Receptor type dictionary for projection compatibility.

Returns:

{'RATE': 0}. Rate neurons have a single unified receptor port for all rate-based inputs. Excitatory vs. inhibitory separation is handled internally via event weight signs.

Return type:

dict[str, int]

Notes

This property is used by projection objects to validate connection targets. Unlike spiking neurons with separate AMPA/GABA receptor ports, rate neurons use sign-based branch routing (weight >= 0 → excitatory branch, weight < 0 → inhibitory branch).

property recordables#

List of state variable names that can be recorded during simulation.

Returns:

['rate', 'noise']. The rate variable records the current rate state \(X_n\), and noise records the last noise sample \(\sigma\,\xi_{n-1}\).

Return type:

list of str

Notes

These variables can be accessed via recording tools in BrainPy for post-simulation analysis of rate dynamics and noise contributions.

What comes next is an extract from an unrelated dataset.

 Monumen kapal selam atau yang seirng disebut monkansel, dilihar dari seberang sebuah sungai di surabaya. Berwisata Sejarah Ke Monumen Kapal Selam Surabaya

update(x=0.0, instant_rate_events=None, delayed_rate_events=None, noise=None)[source]#

Perform one simulation step of stochastic threshold-linear rate dynamics.

Parameters:
  • x (ArrayLike, optional) – External drive (scalar or array broadcastable to self.varshape). Added to mu as constant forcing. Default is 0.0.

  • instant_rate_events (None, dict, tuple, list, or iterable, optional) – Instantaneous rate events applied in the current step without delay. See class docstring for event format. Default is None.

  • delayed_rate_events (None, dict, tuple, list, or iterable, optional) – Delayed rate events scheduled with integer delay_steps (units of simulation time step). See class docstring for event format. Default is None.

  • noise (ArrayLike, optional) – Externally supplied noise sample \(\xi_n\) (scalar or array broadcastable to state shape). If None (default), draws \(\xi_n\sim\mathcal{N}(0,1)\) internally.

Returns:

rate_new – Updated rate state \(X_{n+1}\) (float64 array of shape self.rate.value.shape).

Return type:

np.ndarray

Notes

Update algorithm:

  1. Collect input contributions:

    • Delayed events arriving at current step (from internal queues).

    • Newly scheduled delayed events with delay_steps=0.

    • Instantaneous events.

    • Delta inputs (sign-separated into excitatory/inhibitory).

    • Current inputs via sum_current_inputs(x, rate).

  2. Compute propagator coefficients:

    For \(\lambda>0\):

    \[P_1 = \exp(-\lambda h/\tau), \quad P_2 = (1-P_1)/\lambda, \quad N = \sigma\sqrt{(1-P_1^2)/(2\lambda)}.\]

    For \(\lambda=0\): \(P_1=1\), \(P_2=h/\tau\), \(N=\sigma\sqrt{h/\tau}\).

  3. Propagate intrinsic dynamics:

    \[X' = P_1 X_n + P_2(\mu + \mu_\mathrm{ext}) + N\,\xi_n.\]
  4. Apply network input with threshold-linear gain:

    • linear_summation=True: \(X' \gets X' + P_2\,\phi(I_\mathrm{ex}+I_\mathrm{in})\).

    • linear_summation=False: \(X' \gets X' + P_2\,[\phi(I_\mathrm{ex})+\phi(I_\mathrm{in})]\).

    where \(\phi(h)=\min(\max(g(h-\theta),0),\alpha)\).

  5. Apply optional output rectification: \(X_{n+1}\gets\max(X',\,\mathrm{rectify\_rate})\).

  6. Update state variables: rate, noise, delayed_rate, instant_rate, _step_count.

Numerical stability: The threshold-linear gain uses np.minimum and np.maximum for stable clipping. The exponential Euler scheme uses np.expm1 for numerically stable evaluation of \(1-e^{-x}\) and handles the \(\lambda=0\) limit explicitly.

Failure modes: No automatic failure handling. Negative time constants, decay rates, or noise parameters are caught at construction by _validate_parameters. Invalid event formats raise ValueError.